The records START

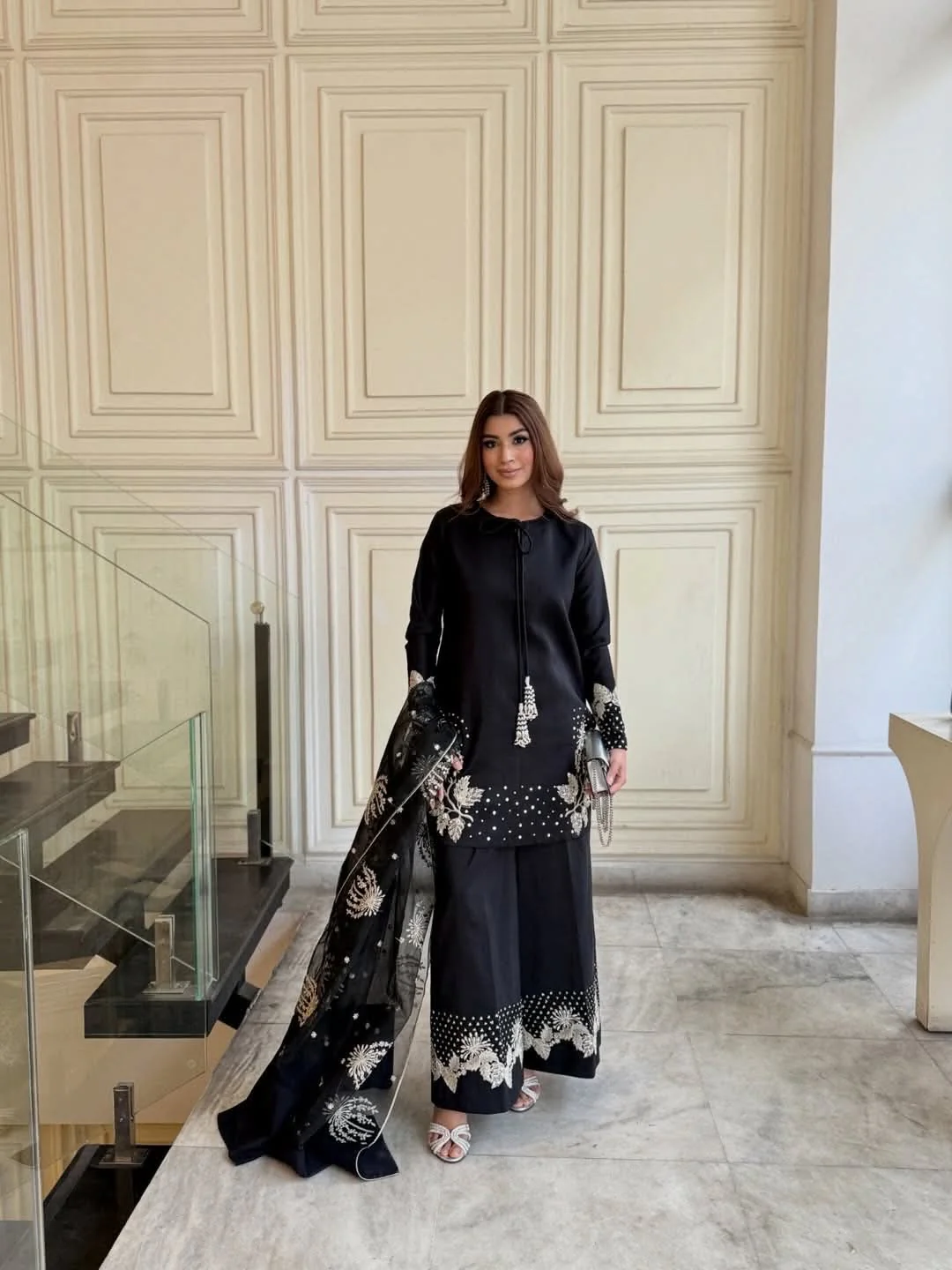 Ameera 3pcs - Image 14
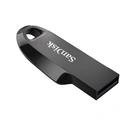 Thumbnail 2 of แซนดิสก์ แฟลชไดร์ฟ USB Drive USB 3.2 รุ่น SDCZ550-512G-G46 ความจุ 512GB สีดำ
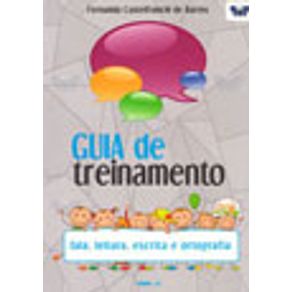 760704_vitrine.jpg 760704_vitrine.jpg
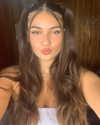 karin.ben.yair Altpins Profile Picture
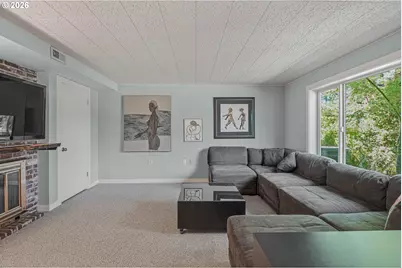 1675 NW 138th Ave, Portland, OR 97229 - Photo 27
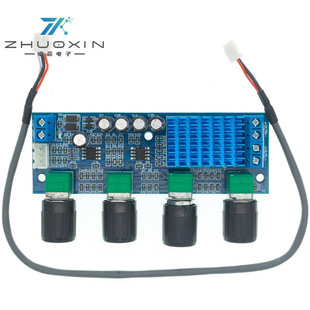 ���ֹ��Ű�TPA3116D2���l�������{���\��12-24V ��Ҫ���� �aƷ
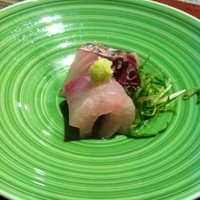 耽美 下村 -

The records END

### [Activity]
Copy out the data above exactly, except the pictures.

### [Output]
 Ameera 3pcs - Image 14
 Thumbnail 2 of แซนดิสก์ แฟลชไดร์ฟ USB Drive USB 3.2 รุ่น SDCZ550-512G-G46 ความจุ 512GB สีดำ
 760704_vitrine.jpg 760704_vitrine.jpg
 karin.ben.yair Altpins Profile Picture
 1675 NW 138th Ave, Portland, OR 97229 - Photo 27
 ���ֹ��Ű�TPA3116D2���l�������{���\��12-24V ��Ҫ���� �aƷ
 耽美 下村 -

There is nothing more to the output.